Btw, in the future, r/AskPhysics might be better for this kind of question!

Anonymous 0 Comments

The uncertainty principle works out the way it does because of the Cauchy-Schwarz inequality. If you define the variance of two operators (which also requires you to define expectation value) when you multiply the variances of the operators you can start approximating it through the CS inequality and that will yield the commutator of the two operators. So if thats 0 the physical quantities commute there is no limit. Which means both quantities can be measured simultaneously and it also means that there exists a common eigen function system for them. So you can force the system into the eigenstate of both of the operators at the same time because such eigenstate exists.

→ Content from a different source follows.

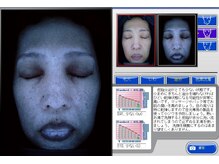 ベティ アンド ボーテの雰囲気（肌診断機の画像です。）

For example with spin or rotations in general J² (think of it as magnitude of spin) commutes with all directors in 3D J1 J2 and J3. But J3 doesn’t commute with J1 and J2 and vica versa. This means that there is a common eigenstate for J3 and J². But you can’t measure J3 and J2 simultaneously as a system cannot be in both a J3 and J2 eigenstate. If thats the case then you have a limit to the variances. For example x and p don’t commute and the limit is hbar/2.

Fourier transforms came in at the wave package solution for free particles. A palne wave is not normalsizable but what if we make a sum of plane waves with different “frequencies” to get a function that has a finite norm. You can do that and the result is a good old wave package. If I tell you the position wavefunction at t=0 you can do an FT to get the sorta momentum function its a function of k the wavenumber vector which is practically momentum. So then you can do an FT with time evolution on the k function which gives you the time evolved wavefunction. And why you can immediately discover the uncertainty principle is because “the FT of a wide function is a narrow function and vica versa”. In the extreme the momentum is a dirac delta and so position will be a constant which is obviously not normalsizable. And so if they are FTs of each other then they can’t be both narrow functions, which means that the product of their spread has to be greater than something.

As far as conserved quantities go, in the Heisenberg picture instead of time evolving the wavefunction you time evolve the operators. Because all we can measure is the absolute square, all we need to keep invariant are scalar products. (Not even that they can be changed up to a unit absolute value complex number, aka phase.) So you can transform time evolution on the operators without changing physics. And why is that good because we can see a cool result. If you take the time derivitive of an operator which you of course introduce properly and if thats 0 the operator doesn’t change over time, so the physical quantity it describes is a constant. And as it turns out because the Hamiltonian doesn’t change over time because time evolution is the exponential of the Hamiltonian and an operator in piece times commute with a function of that operator you have an invariant Hamiltonian and this will be true for any operator that commutes with the Hamiltonian. So if an operator commutes with the Hamiltonian it describes a conserved quantity.